Tuhan berfirman dalam ayat berikut agar para pengurus أَنْ تَحْكُمُوا بِالْعَدْلِ ‘an tahkumuu bil ’adl‘ – “kalian menjunjung tinggi keadilan dalam semua urusan yang dipercayakan kepada kalian dan dalam janji-janji kalian.“ Jika tidak adil, terjadi nepotisme [berat sebelah mengutamakan hubungan keluarga], atau lebih mengutamakan pengurus dibanding anggota biasa tanpa sebab yang penting, maka keadilan tidak tegak. Jika tidak ada keadilan dalam pekerjaan tersebut, maka akan kehilangan berkat, akibatnya bukan hasil yang baik tetapi hasil yang buruklah yang terjadi. Demikian pula bukan hanya dalam urusan para karyawan [pekerja Jemaat], melainkan keputusan yang berdasarkan keadilan hendaknya dilakukan berkaitan dengan setiap anggota Jemaat. Jangan sampai jika seseorang adalah teman fulan dan fulan, atau berasal dari keluarga fulan dan fulan, diberikan perlakukan yang berbeda, sementara keputusan [kebijakan] yang bertentangan diberikan kepada orang lain. Hal semacam ini menciptakan kegelisahan dalam Jemaat. Demikian pula, jika laporan akan dikirim kepada Khalifah-e-Waqt, laporan harus dibuat dengan [data dan informasi yang] benar, sebab telah diperintahkan, أَنْ تَحْكُمُوا بِالْعَدْلِ ‘an tahkumuu bil adl‘ “…kalian menghakimi dengan adil…“ Akan tetapi, jika laporan yang tidak benar diserahkan, boleh jadi berdasarkan hal ini Khalifah-e-Waqt akan membuat keputusan yang keliru dan dengan demikian terlibat dalam dosa orang yang memberikan laporan salah. Oleh karena itu, harus memperhatikan sepenuhnya hal-hal tersebut dalam setiap pekerjaan Jemaat. Setiap tugas, setiap pengkhidmatan yang diminta dari seseorang hendaknya dikerjakan dengan penuh perhatian dan kejujuran.

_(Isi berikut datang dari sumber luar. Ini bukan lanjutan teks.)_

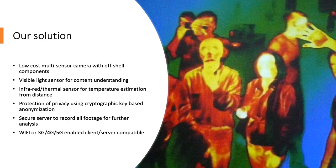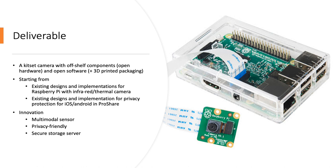We believe we have a superior solution: a low-cost multi-sensor camera with off-the-shelf components. It has a visible light sensor to understand content and an infrared or thermal sensor for temperature estimation from a distance. Protection of privacy is ensured using cryptographic anonymization. A key and a secure server record all footage for further analysis if need be. The server and client can communicate using either Wi-Fi or mobile networks.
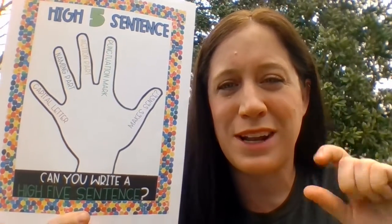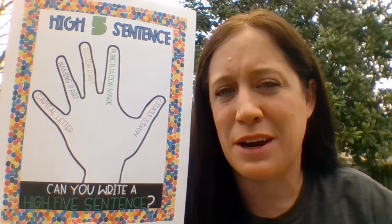A high five sentence has five important things. Number one, start your sentence with a capital letter.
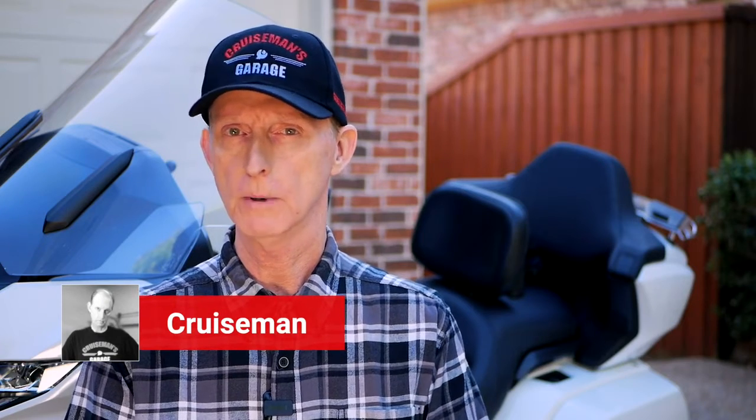You're considering the purchase of a used Honda Goldwing. You want the comfort and the style and the performance of the Goldwing, but you don't want to lay down $25,000 or $30,000 for a new bike. I'm Cruze Man, and this is the Cruze Man's Garage YouTube channel, and Goldwing is what we do here. Today, I'm going to tell you what to look for when you're buying a used Goldwing, and more importantly, what to look out for.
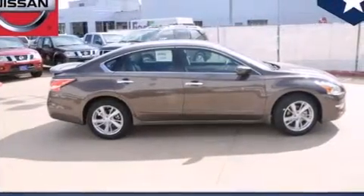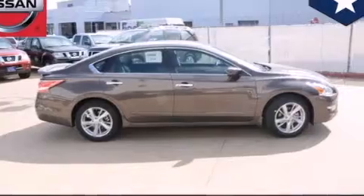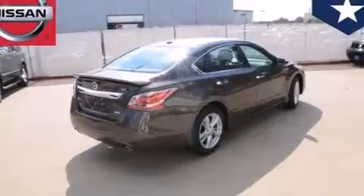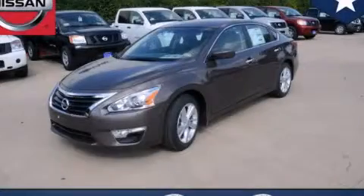With an EPA estimated rating of 38 miles per gallon on the highway, this vehicle pays off in the long run. This vehicle is sure to sell fast — call and arrange your test drive today.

Ringkasnya, memegang jabatan bukanlah kebesaran, bahkan ini adalah tanggungjawab besar yang harus ditunaikan dengan doa-doa. Tuhan berfirman bahwa Dia adalah إِنَّ اللَّهَ كَانَ سَمِيعًا بَصِيرًا (النساء: 59) ‘…Maha Mendengar, Maha Melihat…’ Dia mendengarkan doa-doa, khususnya ketika doa dipanjatkan dalam rangka menjalankan perintah-Nya. Sebagaimana Tuhan memperhatikan dengan teliti para pengusul dan pemilih, Dia juga memperhatikan dengan teliti para pengurus. Jika pengurus tidak menjalankan tanggungjawabnya, tidak membuat keputusan [kebijakan] yang adil, tidak menunaikan kewajiban-kewajiban dalam tugasnya dengan benar, Tuhan menyatakan, mereka akan diminta pertanggungjawabannya. Ini menimbulkan kegelisahan yang sangat pada setiap orang yang telah diberi kepercayaan untuk berkhidmat dengan satu atau lain corak. Tentang orang-orang yang hasrat akan jabatan. Seandainya mereka mengetahui betapa besar tanggungjawabnya itu, dan gagal menghormatinya dapat mengundang kemarahan Tuhan dan akibat yang mengikutinya, maka, setiap pengurus hendaknya sibuk dalam istighfar siang dan malam, lebih dari pada manusia lainnya.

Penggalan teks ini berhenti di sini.